● **What you will do**: Return the material below exactly, but only from the line with "Star Evo-T Mini" through the line with "The Night View @ the Beachfront", and without its pictures.

● **Supplied data**:

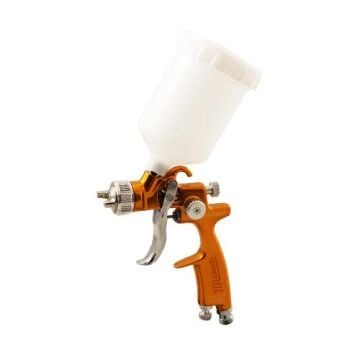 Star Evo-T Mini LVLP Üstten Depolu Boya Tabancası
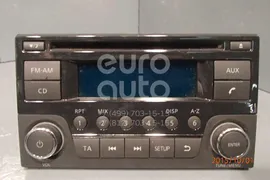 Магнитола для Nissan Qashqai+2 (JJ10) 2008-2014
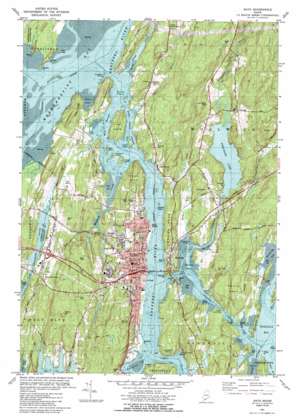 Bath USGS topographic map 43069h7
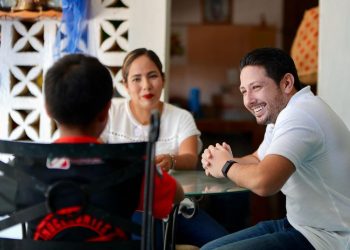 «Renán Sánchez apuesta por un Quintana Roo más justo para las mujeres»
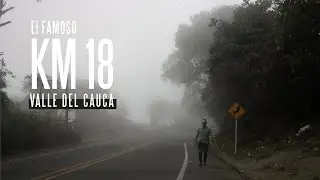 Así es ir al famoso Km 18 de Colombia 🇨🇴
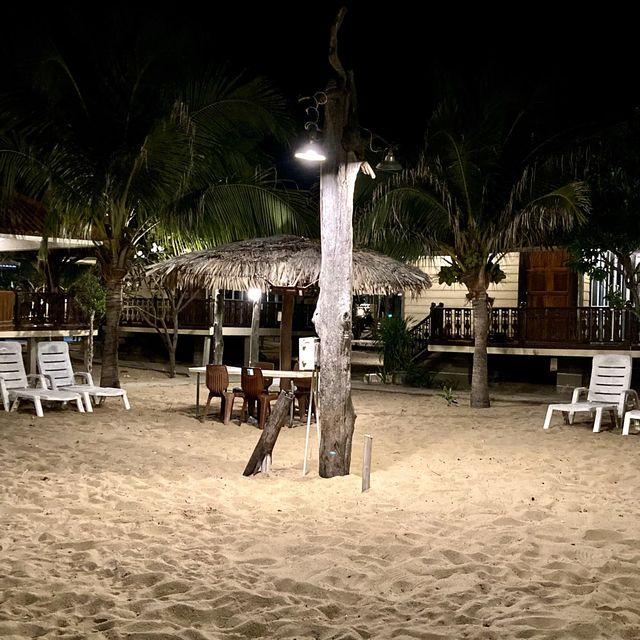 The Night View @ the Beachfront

---

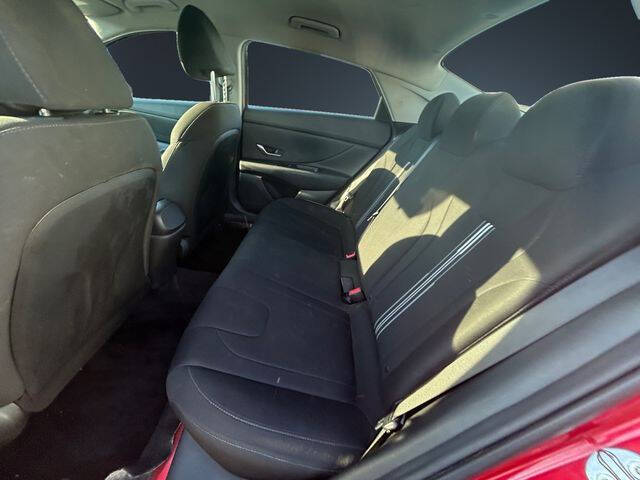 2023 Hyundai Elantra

● **Answer to the exercise**:
 Star Evo-T Mini LVLP Üstten Depolu Boya Tabancası
 Магнитола для Nissan Qashqai+2 (JJ10) 2008-2014
 Bath USGS topographic map 43069h7
 «Renán Sánchez apuesta por un Quintana Roo más justo para las mujeres»
 Así es ir al famoso Km 18 de Colombia 🇨🇴
 The Night View @ the Beachfront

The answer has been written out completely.